1.3. Zum weiteren Beschwerdevorbringen, es komme dem Beschwerdeführer die Rechtsstellung im Sinne des Beschlusses Nr. 1/80 EWG-Türkei (des durch das Abkommen zur Gründung einer Assoziation zwischen der Europäischen Wirtschaftsgemeinschaft und der Türkei errichteten Assoziationsrates vom über die Entwicklung der Assoziation (ARB)) zu, weshalb der Unabhängige Verwaltungssenat Wien über die Berufung zu entscheiden gehabt hätte, ist zu bemerken, dass einem Fremden selbst in dem Fall, dass er den Zugang zum Arbeitsmarkt erhalten hat, die Begünstigung nach dem ARB nicht zugutekommt, wenn er diesen Zugang rechtsmissbräuchlich im Wege einer Scheinehe erlangt hat (vgl. dazu etwa das hg. Erkenntnis vom , Zl. 2007/18/0161, mwN). Ob nun der Beschwerdeführer den Zugang zum inländischen Arbeitsmarkt rechtsmissbräuchlich im Wege einer Scheinehe erlangt hat, kann, wie oben dargestellt, nicht abschließend beurteilt werden.
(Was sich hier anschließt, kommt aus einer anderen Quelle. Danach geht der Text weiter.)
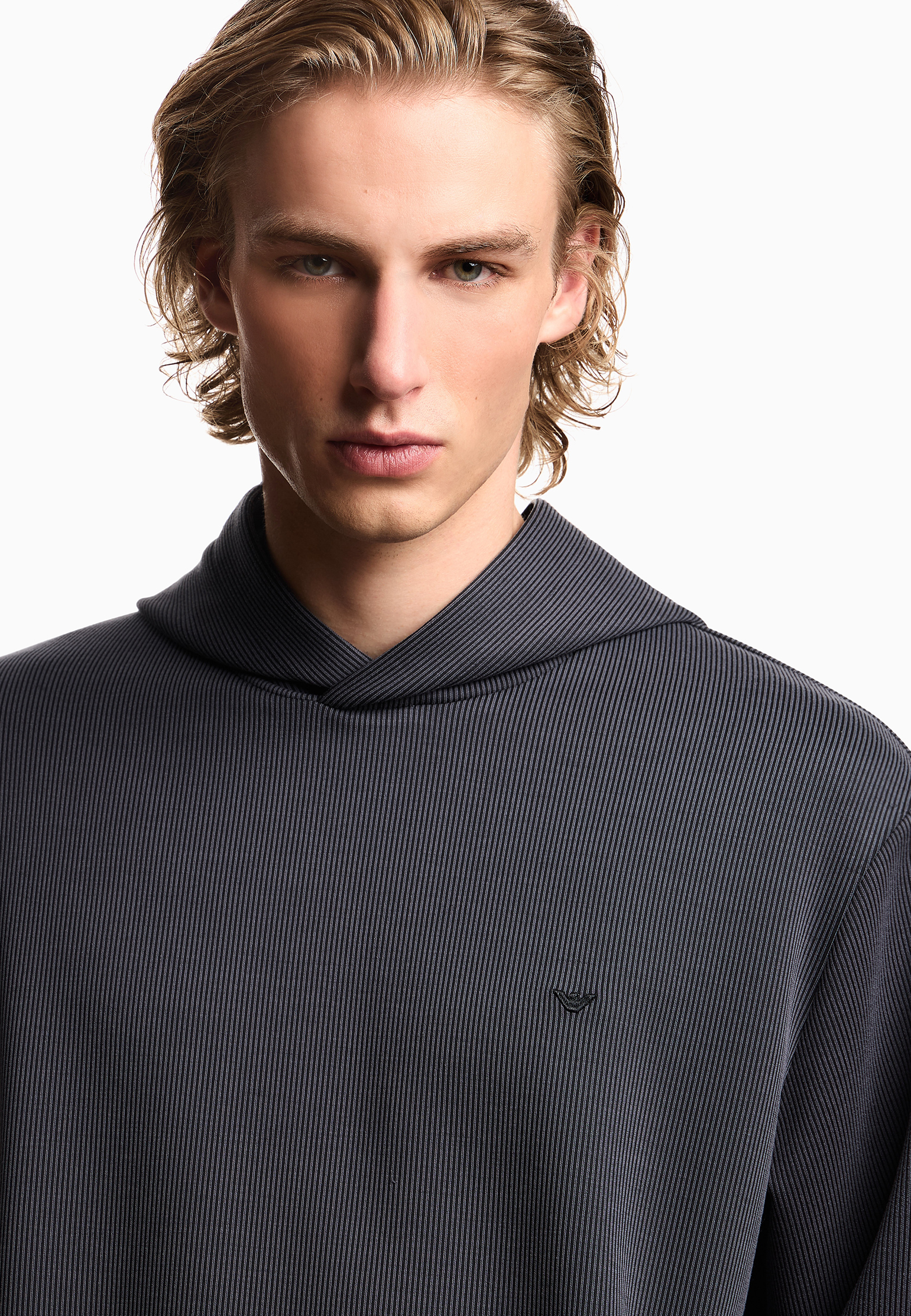 

Худи EMPORIO ARMANI, Серый, Серый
2. Der angefochtene Bescheid war daher gemäß § 42 Abs. 2 Z. 3 lit. c VwGG wegen Rechtswidrigkeit infolge Verletzung von Verfahrensvorschriften aufzuheben.

3. Der Spruch über den Aufwandersatz gründet sich auf die §§ 47 ff VwGG iVm der Verordnung BGBl. II Nr. 455/2008.